■ **WHAT YOU NEED TO DO**: Your answer must hold only the lines below from the line containing "2015 RAM 1500 Image 10" through the line containing "新疆首台潮牌碧玉蓝chr提车", each reproduced exactly.

══ MATERIAL PROVIDED

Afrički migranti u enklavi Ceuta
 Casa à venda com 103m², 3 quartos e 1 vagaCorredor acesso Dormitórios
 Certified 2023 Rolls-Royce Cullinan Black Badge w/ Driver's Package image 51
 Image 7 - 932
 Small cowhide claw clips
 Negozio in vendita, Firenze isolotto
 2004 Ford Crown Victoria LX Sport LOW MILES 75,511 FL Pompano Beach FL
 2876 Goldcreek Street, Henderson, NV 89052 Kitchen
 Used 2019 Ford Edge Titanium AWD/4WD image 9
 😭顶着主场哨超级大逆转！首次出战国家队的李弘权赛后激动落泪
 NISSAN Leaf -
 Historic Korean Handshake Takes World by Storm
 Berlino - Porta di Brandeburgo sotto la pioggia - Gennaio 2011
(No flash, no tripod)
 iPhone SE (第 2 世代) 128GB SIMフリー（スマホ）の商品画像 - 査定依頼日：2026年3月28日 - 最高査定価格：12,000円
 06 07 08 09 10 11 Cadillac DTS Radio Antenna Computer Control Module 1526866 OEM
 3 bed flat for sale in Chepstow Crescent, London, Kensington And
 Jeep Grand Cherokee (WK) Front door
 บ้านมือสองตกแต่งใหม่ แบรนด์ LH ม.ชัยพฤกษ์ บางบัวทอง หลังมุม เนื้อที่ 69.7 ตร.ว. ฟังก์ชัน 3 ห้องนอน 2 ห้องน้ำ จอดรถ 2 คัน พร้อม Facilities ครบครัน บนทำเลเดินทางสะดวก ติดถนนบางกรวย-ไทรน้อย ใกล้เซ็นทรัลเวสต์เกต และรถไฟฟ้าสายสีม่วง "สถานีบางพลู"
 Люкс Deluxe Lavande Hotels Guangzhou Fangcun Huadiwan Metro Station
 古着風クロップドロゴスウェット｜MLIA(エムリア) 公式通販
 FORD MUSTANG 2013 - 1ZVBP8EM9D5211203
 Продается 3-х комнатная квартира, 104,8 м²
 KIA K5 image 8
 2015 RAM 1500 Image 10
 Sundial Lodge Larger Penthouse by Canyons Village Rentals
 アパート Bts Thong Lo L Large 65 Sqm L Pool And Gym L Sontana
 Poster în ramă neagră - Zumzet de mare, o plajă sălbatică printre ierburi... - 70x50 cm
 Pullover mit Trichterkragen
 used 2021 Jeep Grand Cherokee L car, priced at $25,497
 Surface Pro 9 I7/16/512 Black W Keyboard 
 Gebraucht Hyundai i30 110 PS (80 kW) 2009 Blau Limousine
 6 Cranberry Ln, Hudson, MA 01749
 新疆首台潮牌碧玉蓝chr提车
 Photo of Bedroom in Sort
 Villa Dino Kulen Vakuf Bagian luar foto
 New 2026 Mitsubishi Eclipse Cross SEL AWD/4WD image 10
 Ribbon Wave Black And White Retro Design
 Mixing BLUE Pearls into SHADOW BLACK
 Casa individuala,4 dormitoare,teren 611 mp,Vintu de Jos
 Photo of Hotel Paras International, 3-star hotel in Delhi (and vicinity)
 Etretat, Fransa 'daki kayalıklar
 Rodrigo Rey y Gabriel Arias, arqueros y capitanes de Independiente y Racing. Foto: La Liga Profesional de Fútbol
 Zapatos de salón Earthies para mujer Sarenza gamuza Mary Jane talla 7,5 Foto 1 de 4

════

■ **EXERCISE OUTPUT**:
 2015 RAM 1500 Image 10
 Sundial Lodge Larger Penthouse by Canyons Village Rentals
 アパート Bts Thong Lo L Large 65 Sqm L Pool And Gym L Sontana
 Poster în ramă neagră - Zumzet de mare, o plajă sălbatică printre ierburi... - 70x50 cm
 Pullover mit Trichterkragen
 used 2021 Jeep Grand Cherokee L car, priced at $25,497
 Surface Pro 9 I7/16/512 Black W Keyboard 
 Gebraucht Hyundai i30 110 PS (80 kW) 2009 Blau Limousine
 6 Cranberry Ln, Hudson, MA 01749
 新疆首台潮牌碧玉蓝chr提车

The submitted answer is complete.